> [Problem]: Where a line contains "Stanley Kubrick Retrospective", begin there and restate word for word every line to the end of the entries below, pictures excluded.

Dataset entries:
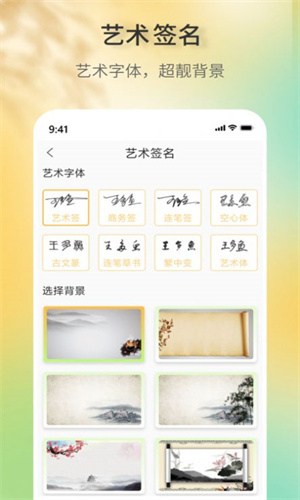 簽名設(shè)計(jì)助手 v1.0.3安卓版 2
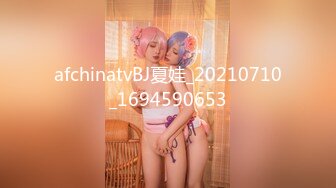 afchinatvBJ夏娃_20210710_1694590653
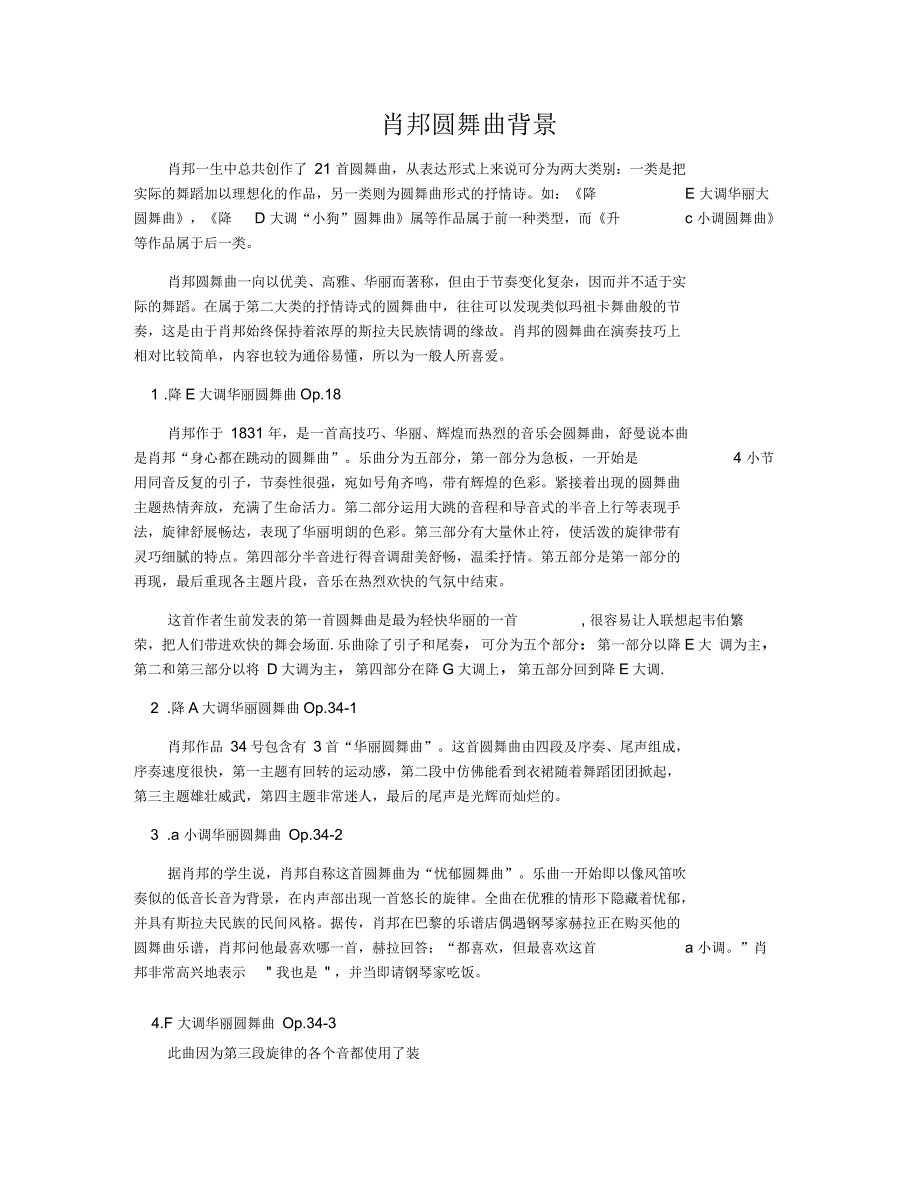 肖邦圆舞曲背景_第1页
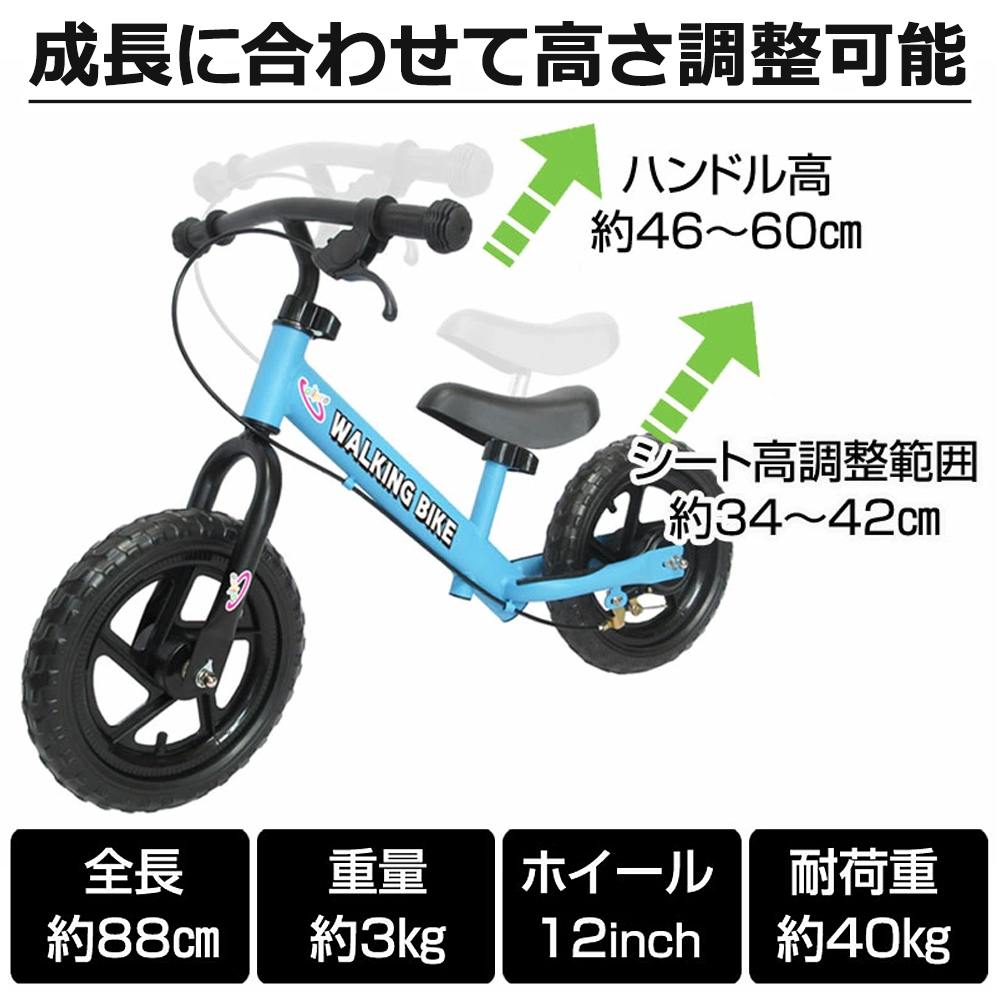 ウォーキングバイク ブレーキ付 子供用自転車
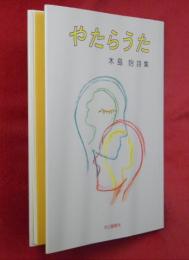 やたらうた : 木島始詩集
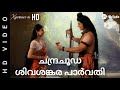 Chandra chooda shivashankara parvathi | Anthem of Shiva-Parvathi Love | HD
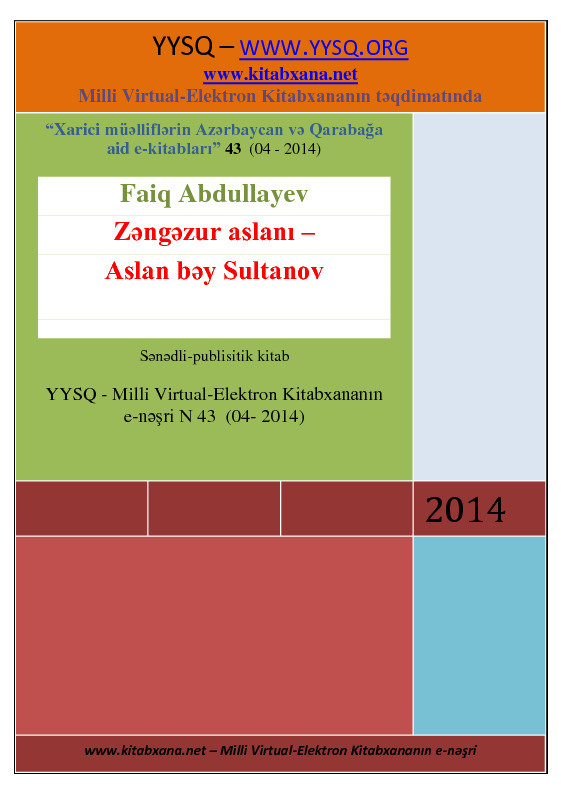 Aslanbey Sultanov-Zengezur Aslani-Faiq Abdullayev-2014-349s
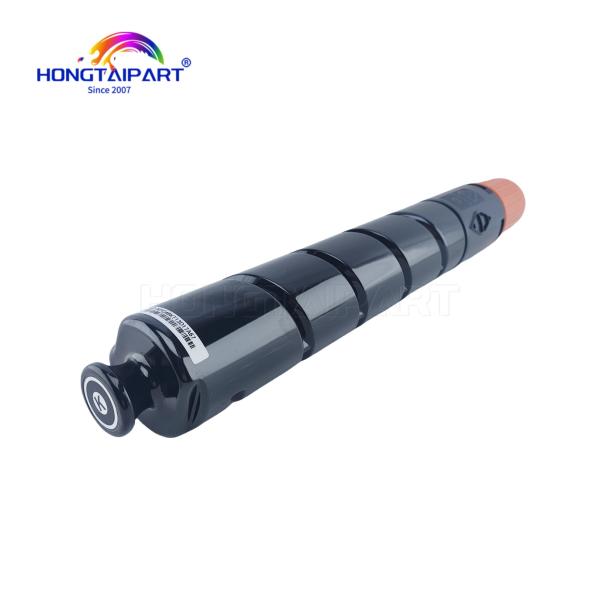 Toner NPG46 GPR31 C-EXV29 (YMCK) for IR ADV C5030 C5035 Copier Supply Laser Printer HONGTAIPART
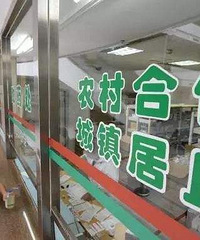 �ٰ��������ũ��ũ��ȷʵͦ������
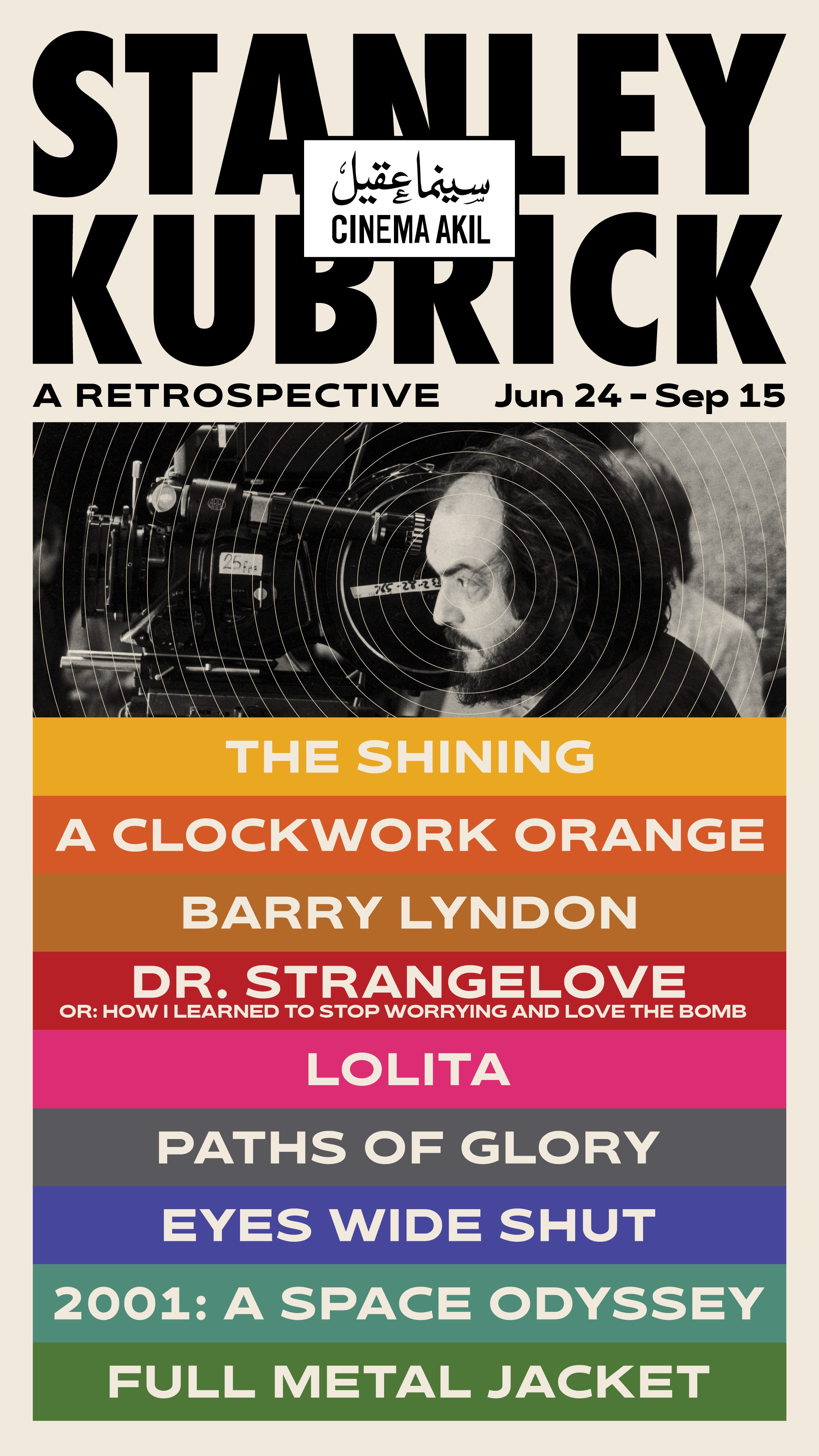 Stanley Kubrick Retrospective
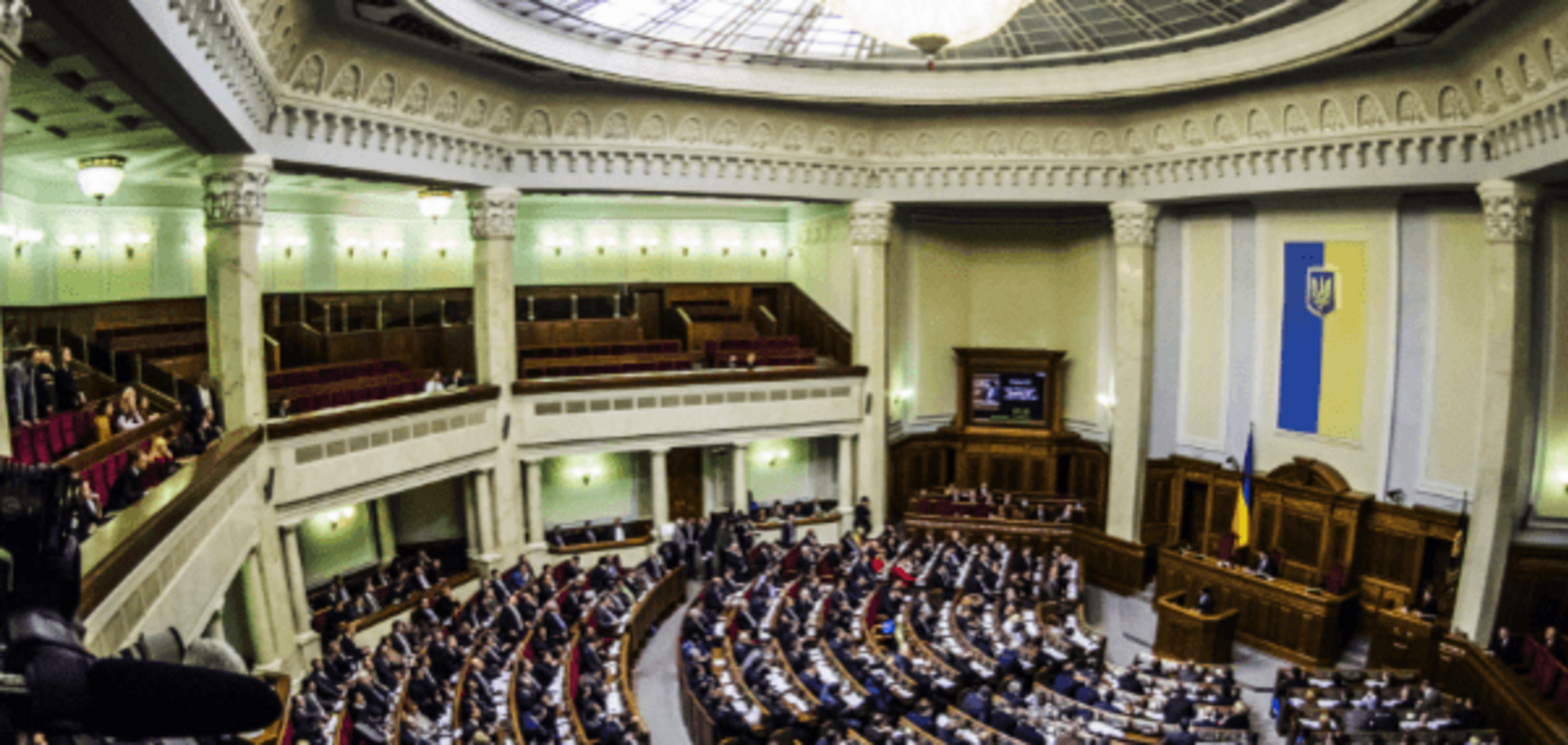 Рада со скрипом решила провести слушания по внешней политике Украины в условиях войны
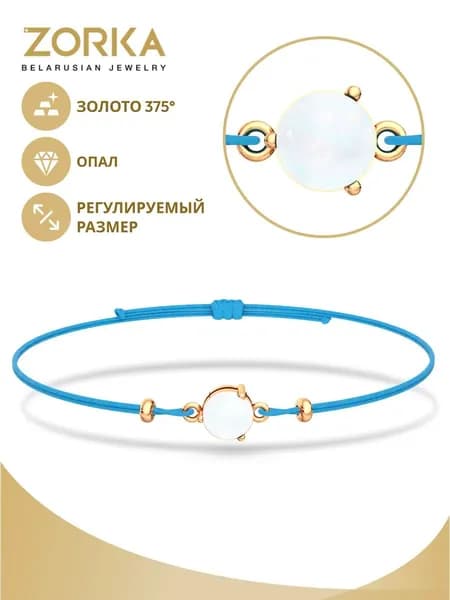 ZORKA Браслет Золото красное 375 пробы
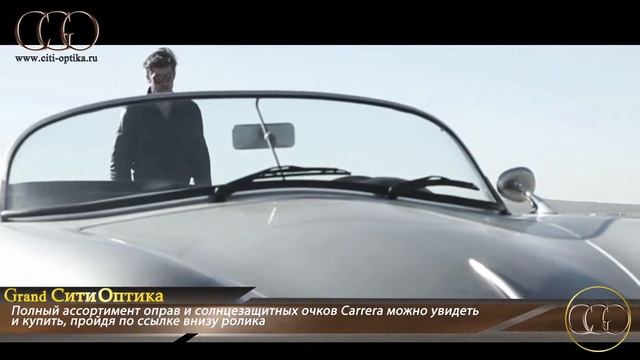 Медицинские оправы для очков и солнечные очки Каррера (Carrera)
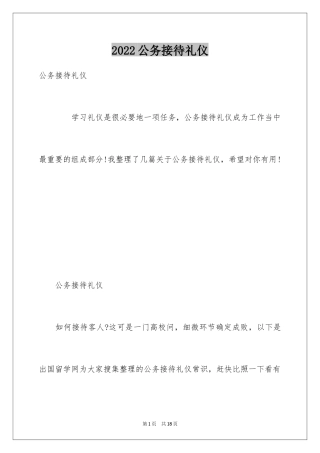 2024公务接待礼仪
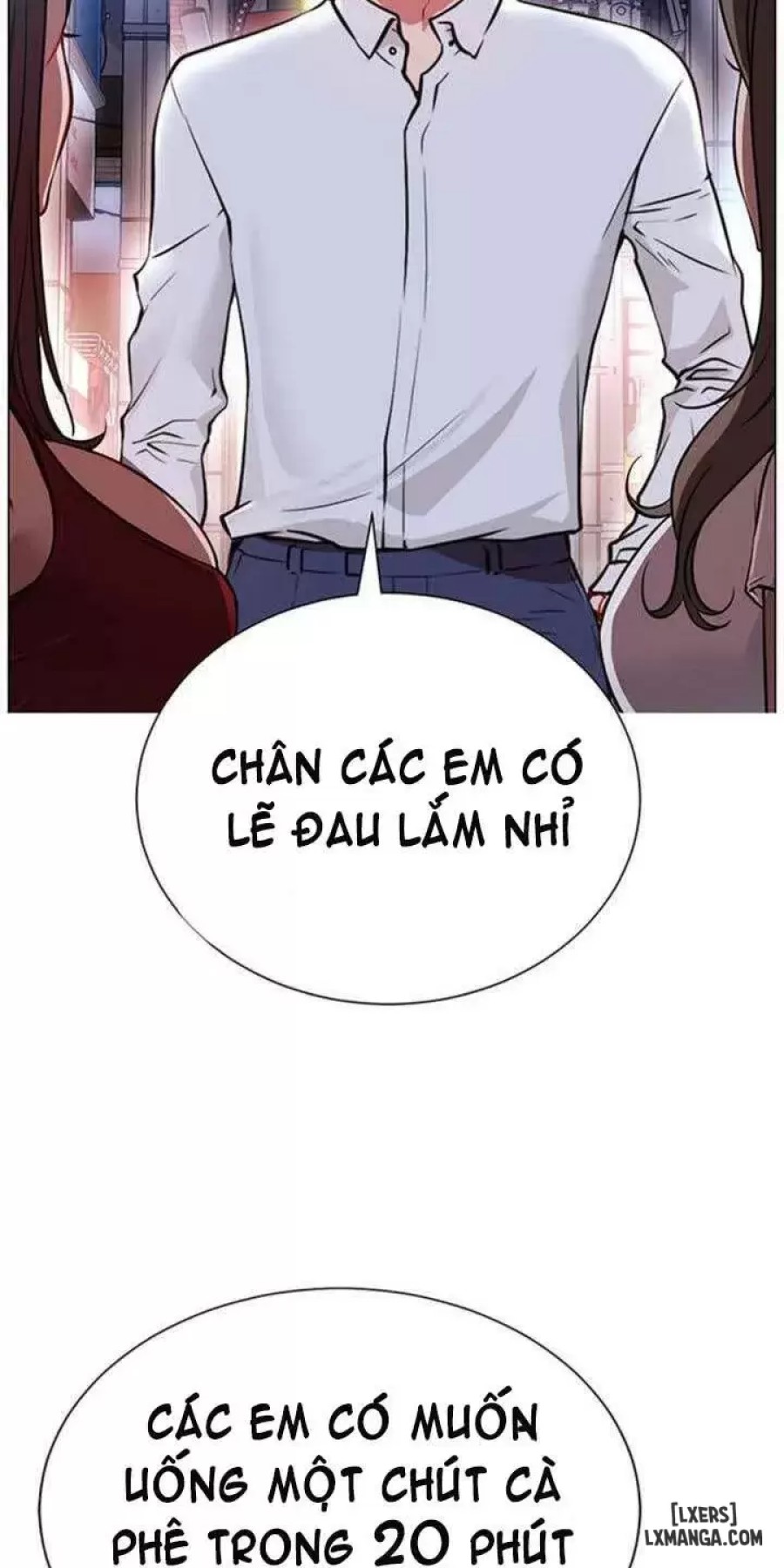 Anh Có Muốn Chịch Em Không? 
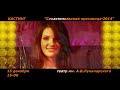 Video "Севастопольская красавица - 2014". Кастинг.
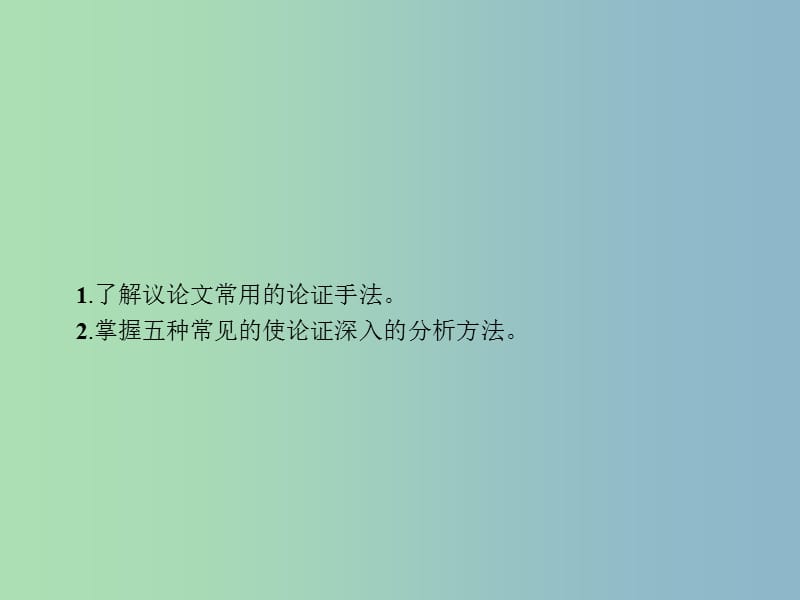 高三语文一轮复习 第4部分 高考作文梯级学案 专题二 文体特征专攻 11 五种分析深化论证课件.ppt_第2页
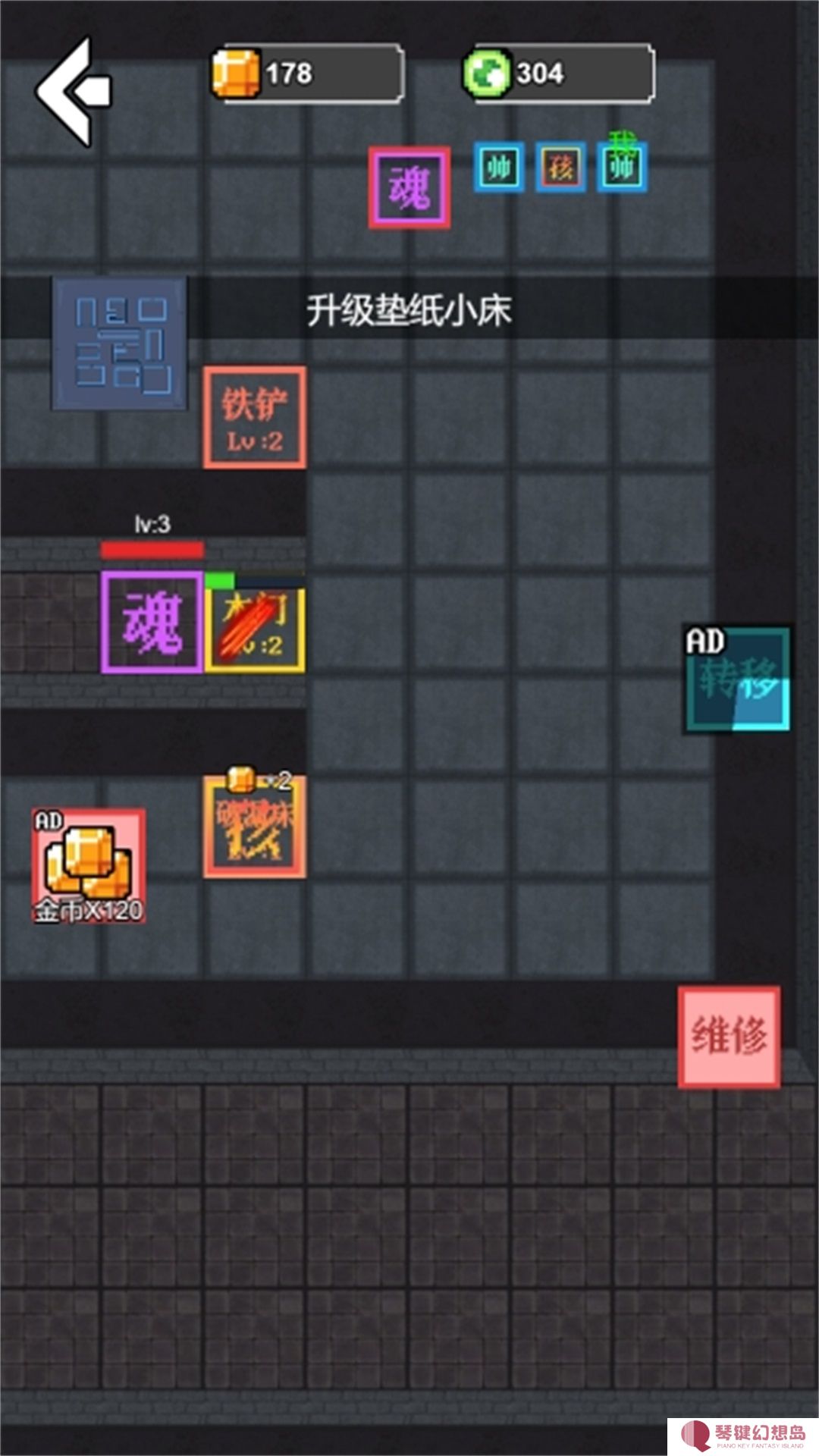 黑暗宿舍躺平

> [Solution below]:
 Stanley Kubrick Retrospective
 Рада со скрипом решила провести слушания по внешней политике Украины в условиях войны
 ZORKA Браслет Золото красное 375 пробы
 Медицинские оправы для очков и солнечные очки Каррера (Carrera)
 2024公务接待礼仪
 Anh Có Muốn Chịch Em Không? 
 Video "Севастопольская красавица - 2014". Кастинг.
 高三语文一轮复习 第4部分 高考作文梯级学案 专题二 文体特征专攻 11 五种分析深化论证课件.ppt_第2页
 黑暗宿舍躺平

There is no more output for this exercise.